How Those Nuns Used to Whack Me…

The Magdalene Sisters is to Irish nuns what Mommy Dearest is to Hollywood mothers.

Peter Mullan’s controversial, occasionally brilliant, exposé of the horrifying trade in female flesh perpetrated in the 1970s by Catholic nuns in Ireland drags us through a series of atrocities that conjure images from Schindler’s List. Only, where the Speilberg film did not elicit a boycott out front of Maders or Karl Ratzsch’s, Mullan’s film may tend to encourage even more Catholic bashing than we have hitherto witnessed in this fast-paganizing land.

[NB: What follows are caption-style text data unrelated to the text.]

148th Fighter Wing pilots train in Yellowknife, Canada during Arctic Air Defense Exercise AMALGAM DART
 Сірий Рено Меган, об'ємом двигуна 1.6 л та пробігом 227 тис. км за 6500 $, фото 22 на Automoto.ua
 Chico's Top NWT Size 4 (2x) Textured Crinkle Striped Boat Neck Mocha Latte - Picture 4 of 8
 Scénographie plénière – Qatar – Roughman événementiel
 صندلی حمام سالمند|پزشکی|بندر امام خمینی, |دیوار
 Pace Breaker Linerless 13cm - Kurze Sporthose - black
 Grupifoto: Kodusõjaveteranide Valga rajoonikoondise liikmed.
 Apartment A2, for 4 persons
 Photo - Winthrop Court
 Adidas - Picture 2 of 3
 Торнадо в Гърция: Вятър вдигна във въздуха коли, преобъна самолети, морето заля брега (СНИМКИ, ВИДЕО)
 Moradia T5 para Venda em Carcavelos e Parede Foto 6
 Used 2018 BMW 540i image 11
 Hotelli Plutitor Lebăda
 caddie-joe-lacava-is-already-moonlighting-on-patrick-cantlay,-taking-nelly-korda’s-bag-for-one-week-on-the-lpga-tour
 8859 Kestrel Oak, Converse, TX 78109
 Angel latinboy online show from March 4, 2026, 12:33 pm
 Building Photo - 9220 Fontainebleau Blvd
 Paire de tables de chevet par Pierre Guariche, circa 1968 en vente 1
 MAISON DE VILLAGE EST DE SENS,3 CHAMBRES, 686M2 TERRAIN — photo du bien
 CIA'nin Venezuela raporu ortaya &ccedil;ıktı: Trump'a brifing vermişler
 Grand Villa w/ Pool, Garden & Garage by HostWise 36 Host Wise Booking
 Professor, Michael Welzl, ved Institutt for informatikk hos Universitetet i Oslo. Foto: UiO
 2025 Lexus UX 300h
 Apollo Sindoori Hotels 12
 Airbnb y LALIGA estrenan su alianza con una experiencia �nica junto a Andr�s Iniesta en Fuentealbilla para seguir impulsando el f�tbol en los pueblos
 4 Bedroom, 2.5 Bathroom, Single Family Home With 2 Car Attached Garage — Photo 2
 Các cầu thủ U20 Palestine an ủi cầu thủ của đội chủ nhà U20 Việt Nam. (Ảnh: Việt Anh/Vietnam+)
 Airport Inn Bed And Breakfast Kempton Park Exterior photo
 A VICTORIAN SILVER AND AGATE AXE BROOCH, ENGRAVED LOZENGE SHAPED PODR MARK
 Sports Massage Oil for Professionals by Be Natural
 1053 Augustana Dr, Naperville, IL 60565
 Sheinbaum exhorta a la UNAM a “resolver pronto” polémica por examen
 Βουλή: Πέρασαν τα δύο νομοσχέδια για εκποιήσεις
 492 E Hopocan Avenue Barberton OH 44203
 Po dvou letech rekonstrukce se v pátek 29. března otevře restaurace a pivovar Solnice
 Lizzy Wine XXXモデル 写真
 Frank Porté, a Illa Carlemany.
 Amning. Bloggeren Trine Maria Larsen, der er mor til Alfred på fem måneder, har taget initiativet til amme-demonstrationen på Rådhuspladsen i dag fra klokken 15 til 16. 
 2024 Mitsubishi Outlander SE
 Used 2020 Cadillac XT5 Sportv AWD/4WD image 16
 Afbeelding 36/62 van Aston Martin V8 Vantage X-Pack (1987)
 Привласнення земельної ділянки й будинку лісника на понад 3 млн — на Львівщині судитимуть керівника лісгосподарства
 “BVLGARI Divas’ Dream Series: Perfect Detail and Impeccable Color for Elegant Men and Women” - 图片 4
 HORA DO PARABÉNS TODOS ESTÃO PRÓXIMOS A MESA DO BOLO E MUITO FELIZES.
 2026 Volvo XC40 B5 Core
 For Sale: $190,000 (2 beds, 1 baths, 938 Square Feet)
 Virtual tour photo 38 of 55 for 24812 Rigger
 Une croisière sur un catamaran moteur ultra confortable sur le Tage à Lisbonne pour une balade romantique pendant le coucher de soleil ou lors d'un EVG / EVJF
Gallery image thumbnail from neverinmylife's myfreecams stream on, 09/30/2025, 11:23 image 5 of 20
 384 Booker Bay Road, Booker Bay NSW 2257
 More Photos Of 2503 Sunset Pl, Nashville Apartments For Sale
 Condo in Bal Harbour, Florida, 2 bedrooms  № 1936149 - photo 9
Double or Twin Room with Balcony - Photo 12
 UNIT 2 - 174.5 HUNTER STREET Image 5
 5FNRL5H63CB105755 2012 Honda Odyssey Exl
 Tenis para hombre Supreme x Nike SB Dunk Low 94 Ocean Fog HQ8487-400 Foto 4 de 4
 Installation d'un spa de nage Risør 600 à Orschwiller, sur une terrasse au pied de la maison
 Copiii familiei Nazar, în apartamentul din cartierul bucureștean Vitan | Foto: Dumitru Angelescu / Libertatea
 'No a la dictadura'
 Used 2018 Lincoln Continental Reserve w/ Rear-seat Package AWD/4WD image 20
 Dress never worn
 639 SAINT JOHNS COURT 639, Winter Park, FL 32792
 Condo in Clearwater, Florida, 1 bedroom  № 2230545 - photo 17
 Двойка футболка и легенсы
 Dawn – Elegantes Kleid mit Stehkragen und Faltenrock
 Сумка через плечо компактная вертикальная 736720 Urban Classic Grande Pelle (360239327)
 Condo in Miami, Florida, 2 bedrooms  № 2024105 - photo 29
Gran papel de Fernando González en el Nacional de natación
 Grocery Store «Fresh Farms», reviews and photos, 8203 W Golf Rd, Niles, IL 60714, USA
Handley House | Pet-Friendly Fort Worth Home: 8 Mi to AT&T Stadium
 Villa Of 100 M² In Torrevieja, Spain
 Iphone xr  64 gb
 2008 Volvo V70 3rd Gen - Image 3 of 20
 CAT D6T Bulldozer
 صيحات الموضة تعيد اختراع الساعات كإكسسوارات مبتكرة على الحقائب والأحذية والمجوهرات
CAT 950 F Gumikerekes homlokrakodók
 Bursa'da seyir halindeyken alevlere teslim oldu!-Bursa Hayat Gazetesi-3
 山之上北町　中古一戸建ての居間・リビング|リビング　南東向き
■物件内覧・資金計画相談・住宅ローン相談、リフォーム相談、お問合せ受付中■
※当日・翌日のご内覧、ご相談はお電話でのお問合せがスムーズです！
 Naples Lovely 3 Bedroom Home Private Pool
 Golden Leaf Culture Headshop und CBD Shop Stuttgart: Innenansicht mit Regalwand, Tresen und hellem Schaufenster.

Mullan describes one part of the large tragedy by following the plight of four girls “imprisoned” as laundry servants in a Magdalene Asylum in 1976. Over the course of four years, they suffer the twisted tyranny of a cabal of repressed, sex-obsessed nuns and the lecherous priests who support them. The girls are shut up in this holy hell by their parents, who, cowed by the local clergy (and that nasty Catholic religion), think the nuns will make saints of their wayward girls. Actually, only two of the girls are technically “wayward.” Two others are true victims: one raped at a wedding by a popular local boy, the other spirited away from an orphanage before causing scandal, as she is too fully formed and boy-curious.

The girls (played with great conviction by Anne-Marie Duff, Nora-Jane Noone, Eileen Walsh, and Dorothy Duffy) suffer deprivation, beatings, verbal humiliation, and sexual abuse. Awful material to sit through for two hours. Especially as the sadism gets dished out under the “guidance” of one of the most villainous female characters I have ever seen in film – the pinched, thin-lipped matriarch in this dark palace of the Sisters of Mercy, Sister Bridget (played with demonic intensity by Geraldine McEwan), a figurehead who makes Big Nurse seem like Ingrid Bergman.

As a social problem film, this one has all the purgative qualities of Requiem for a Dream. It details the horrible descent into Chaos of these girls with unflinching accuracy, allowing the viewer not a single moment to take a refreshing breath. When one of the girls is rescued by her brother, instead of a sigh of relief, we get her turning on him with the line, “Where were you four [expletive] years ago.” In fact, the film’s postscript continues to ply the thumb screws, informing us that the girls all met bad ends after leaving the Asylum – one growing old, bitter, and single; one passing through three failed marriages; one descending toward madness and dying of anorexia at twenty-four; and the last marrying and living as a contented and devout Catholic.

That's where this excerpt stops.